Should Your Hospital Consider Reclassification?

The new interim final rule on Hospital Reclassification, entitled “Modification of Limitations on Redesignation by the Medicare Geographic Classification Review Board (CMS-1762),” was reviewed and approved by the President on April 13, 2021, and will be published in the Federal Register very soon.

Medicare pays hospitals differing rates for inpatient treatment based on the geographic areas where the hospitals are located. The Medicare law gives hospitals the opportunity to adjust how they are classified based on the average hourly wage they pay to their employees.

Each hospital that is paid under the Medicare inpatient prospective payment system (IPPS) is assigned a wage index value based on the geographic area in which it is physically located.
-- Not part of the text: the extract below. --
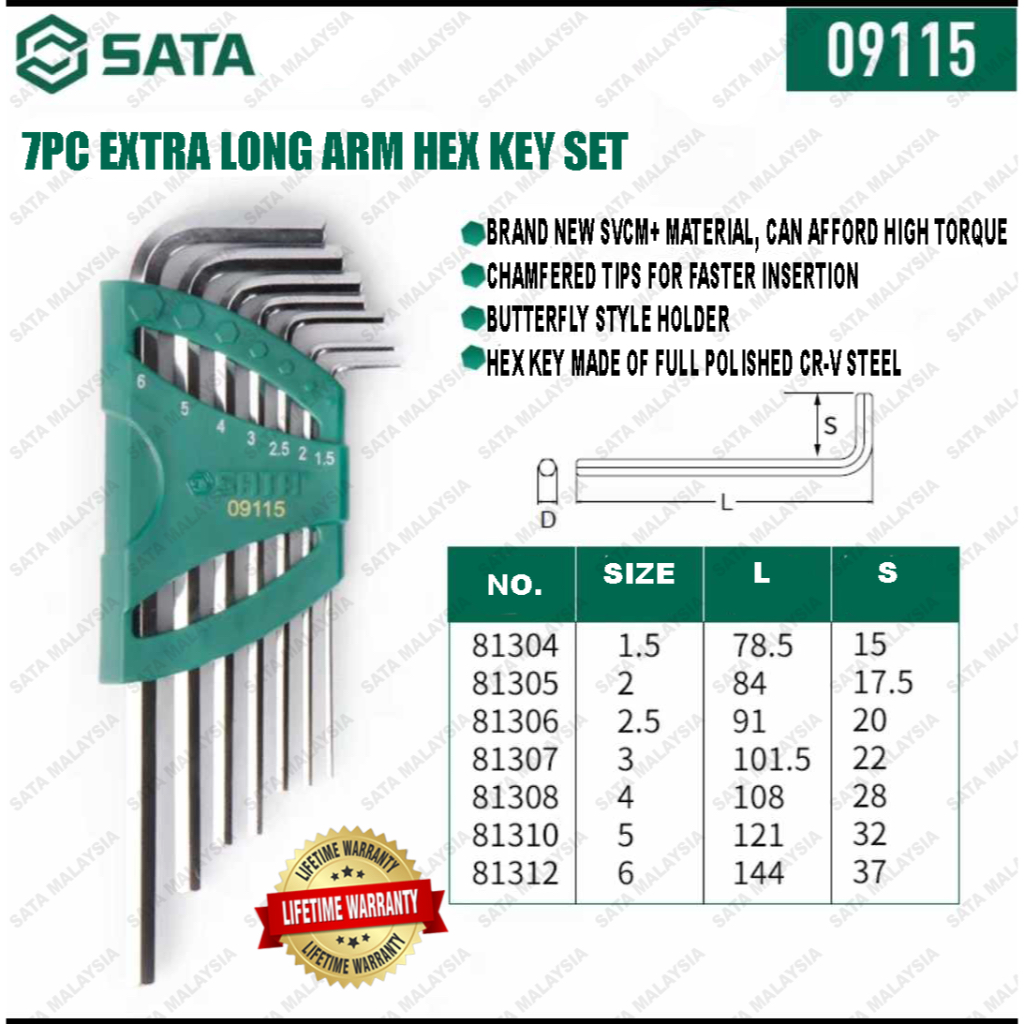 SATA Hex Key Set Ball Point Hex Key Set Arm Key Set Long Extra Long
The wage index value determination involves four steps:

  1. Defining geographic labor market areas
  2. Determining hospital wages
  3. Adjusting hospital wages for occupational mix
  4. Calculating geographic area wage index values

The wage index is intended to ensure that the Medicare inpatient prospective payment system (“IPPS”) payment for the 3,220 hospitals that are paid under IPPS reflects geographic differences in wages; some hospitals in lower-wage areas have concerns about the fairness of the wage index resulting from the differences between relatively low and high hospital wage areas and the locations from which the hospitals draw employees. To address some of the concerns about the wage index, Congress created a number of exceptions. These exceptions allow qualifying hospitals to reclassify to a higher wage index geographic area or to receive adjustments to their geographic wage index values.
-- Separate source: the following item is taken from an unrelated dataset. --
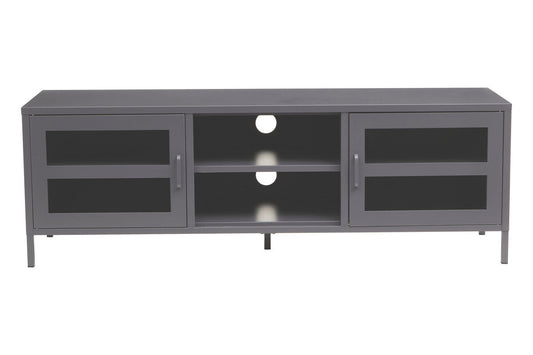 Acier Two Door Grey Metal Media Unit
The National Academies of Sciences, Engineering, and Medicine estimated that nearly 40% of IPPS hospitals received a wage index reclassification or adjustment under one or more of these exceptions in FY2011. A comparable percentage of hospitals continue to receive reclassifications in FY2021, as noted in a Congressional Research Office report dated March 3, 2021.

The interim final rule (RIN 0938-AU56) has not been considered to be economically significant by the Centers for Medicare & Medicaid Services. Little is known about the content of the interim final rule, other than its title.
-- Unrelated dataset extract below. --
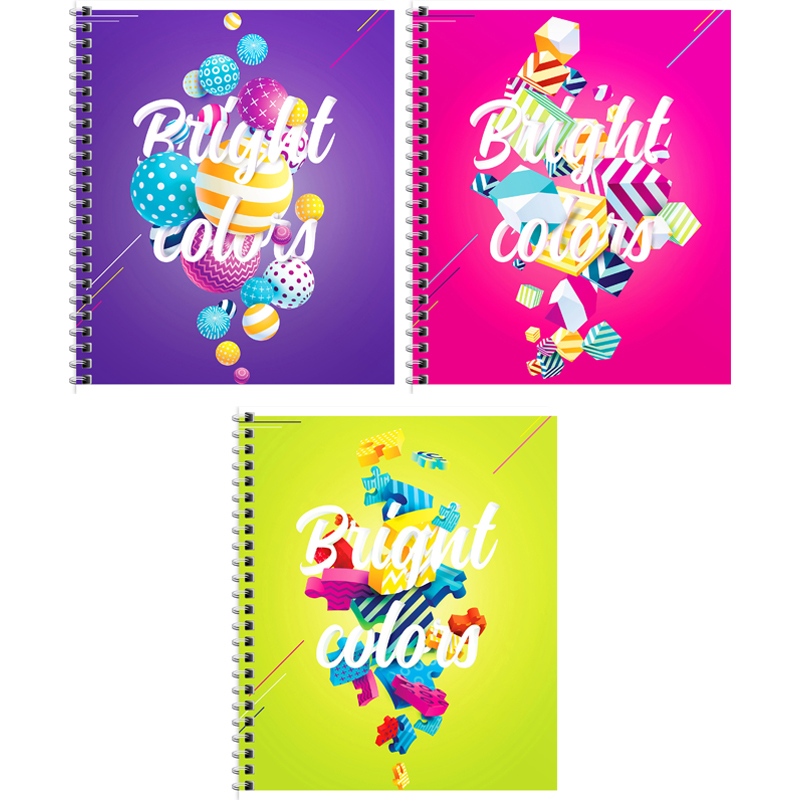 Тетрадь 96л., А5, клетка на гребне ArtSpace "Стиль. Bright colors", ТВИН-лак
The Medicare Geographic Classification Rule Board (the “Board”) makes determinations on hospitals’ requests to reclassify to a different wage area for purposes of receiving higher payments for treating Medicare patients. The Board requires hospitals seeking to move to a new wage area to apply electronically with supporting documents.

Be on the alert for the publication of the interim final Rule on Hospital Reclassification and consider if your hospital should apply for geographic reclassification.